===== PROVIDED ENTRIES =====
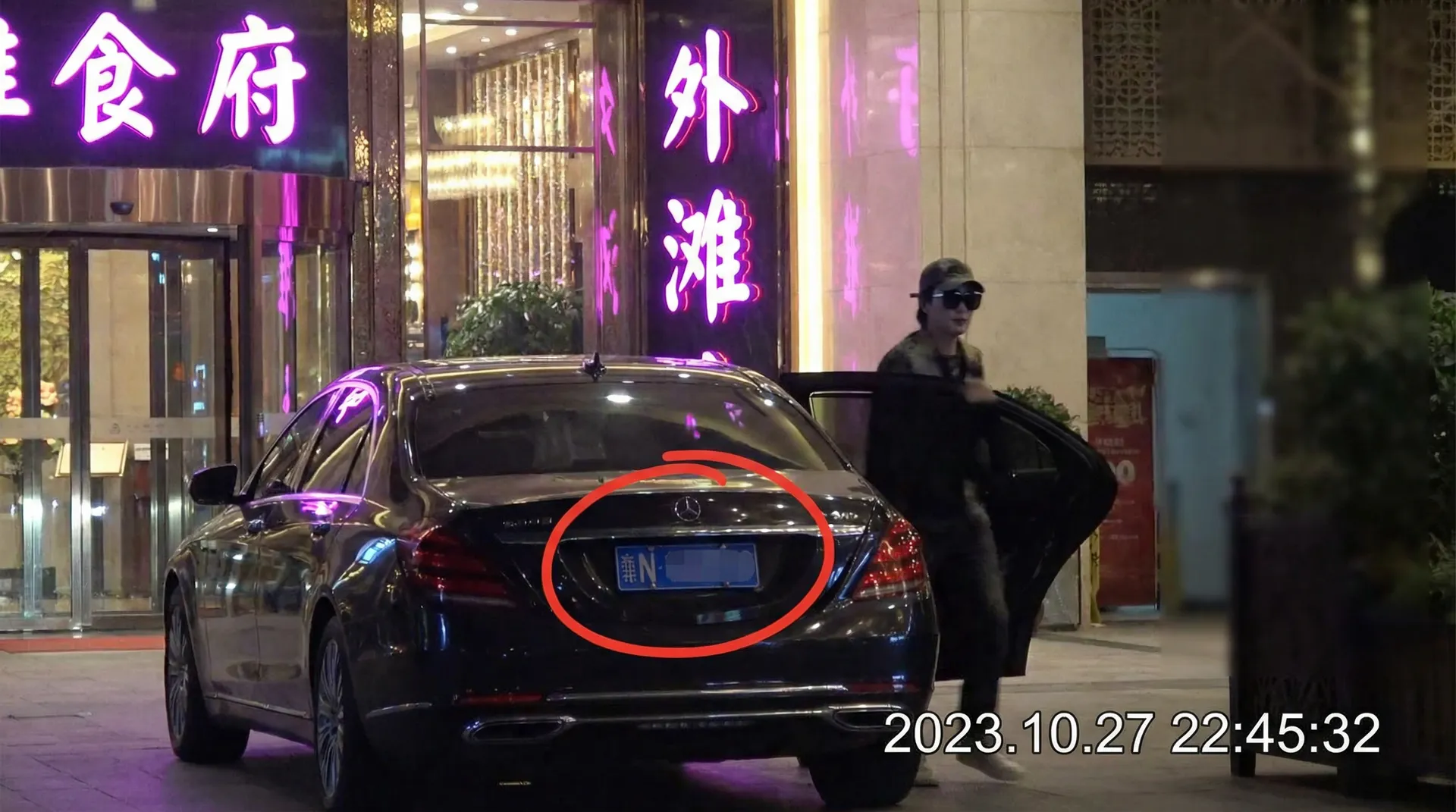 吃瓜黑料-网络热门事件|网络热门资讯|吃瓜黑料 - 豪车餐厅外偷拍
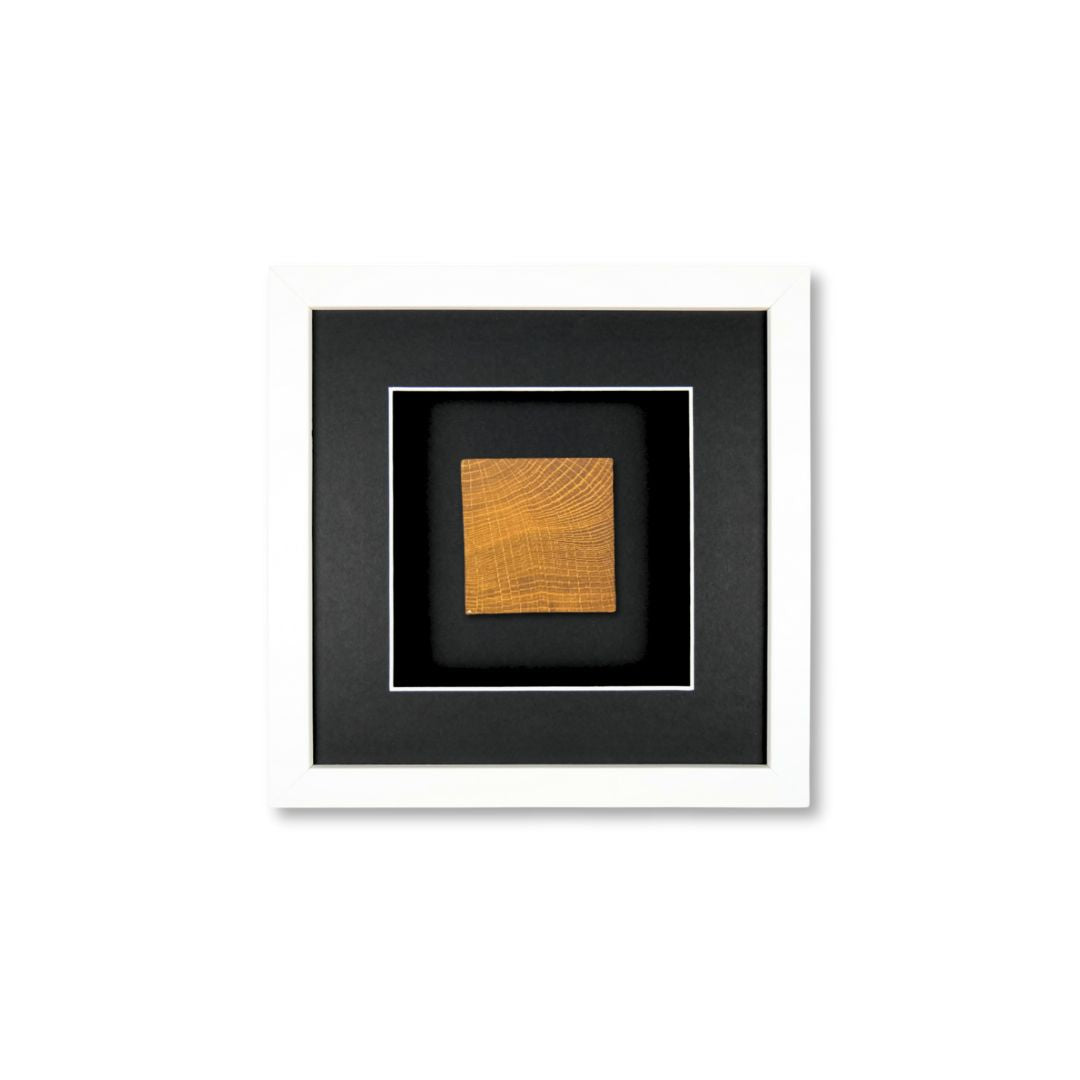 Quadratwerk Wandbild Noble Wood Quadrat 27cm - Rahmen Weiß, Hintergrund Schwarz, Passepartout Schwarz/Weiß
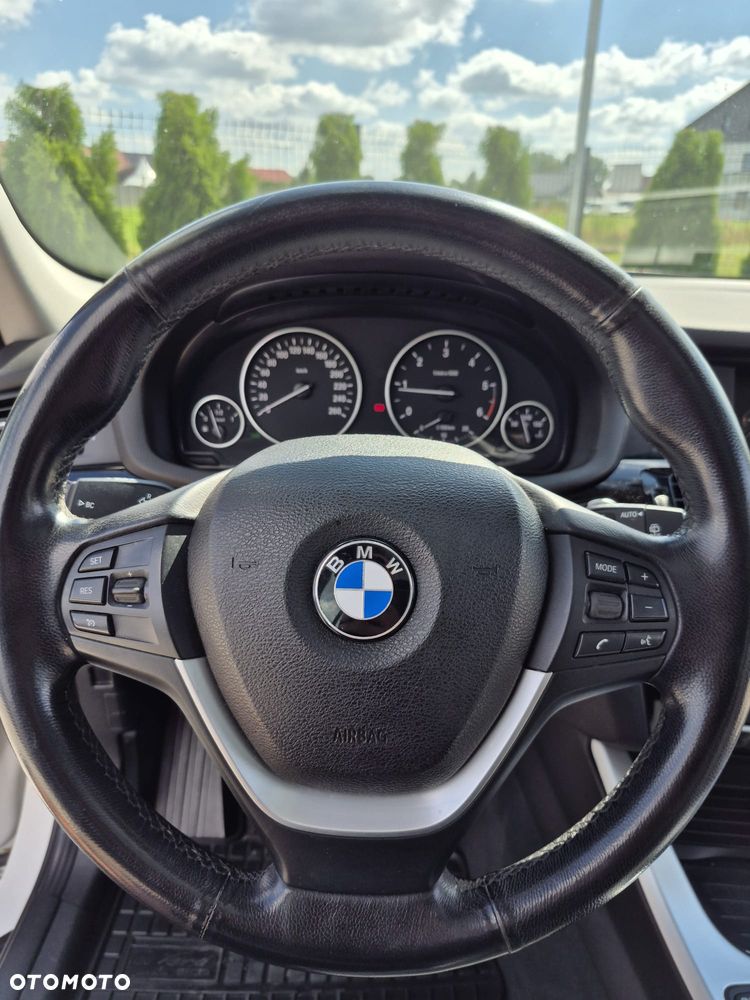 BMW X1 xDrive18d Sport Line - 25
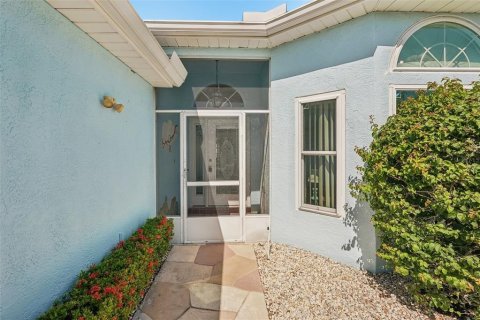 Villa ou maison à vendre à Sun City Center, Floride: 3 chambres, 184.88 m2 № 2428848 - photo 2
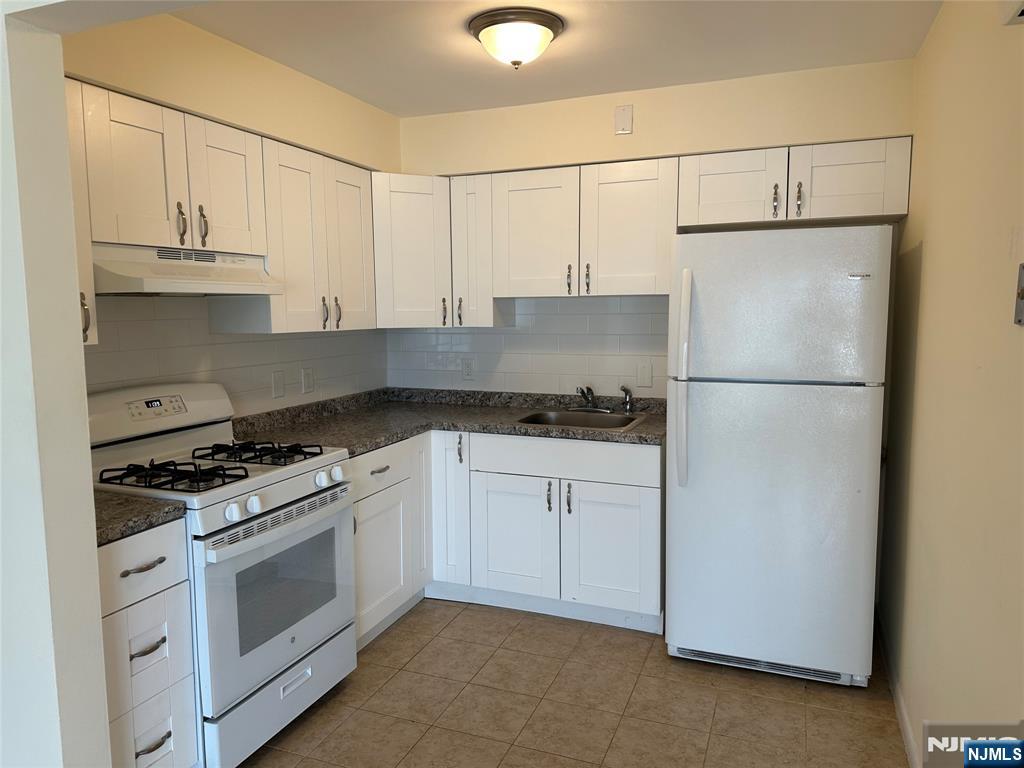 Wood Ridge, New Jersey 07075, United States, 1 Bedroom Bedrooms, ,1 BathroomBathrooms,Residential,Active,190564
=====
*EXERCISE PROMPT*
Retype the records in full. Do not carry over the images.

*TASK RESULT*
 吃瓜黑料-网络热门事件|网络热门资讯|吃瓜黑料 - 豪车餐厅外偷拍
 Quadratwerk Wandbild Noble Wood Quadrat 27cm - Rahmen Weiß, Hintergrund Schwarz, Passepartout Schwarz/Weiß
 BMW X1 xDrive18d Sport Line - 25
 Villa ou maison à vendre à Sun City Center, Floride: 3 chambres, 184.88 m2 № 2428848 - photo 2
 Wood Ridge, New Jersey 07075, United States, 1 Bedroom Bedrooms, ,1 BathroomBathrooms,Residential,Active,190564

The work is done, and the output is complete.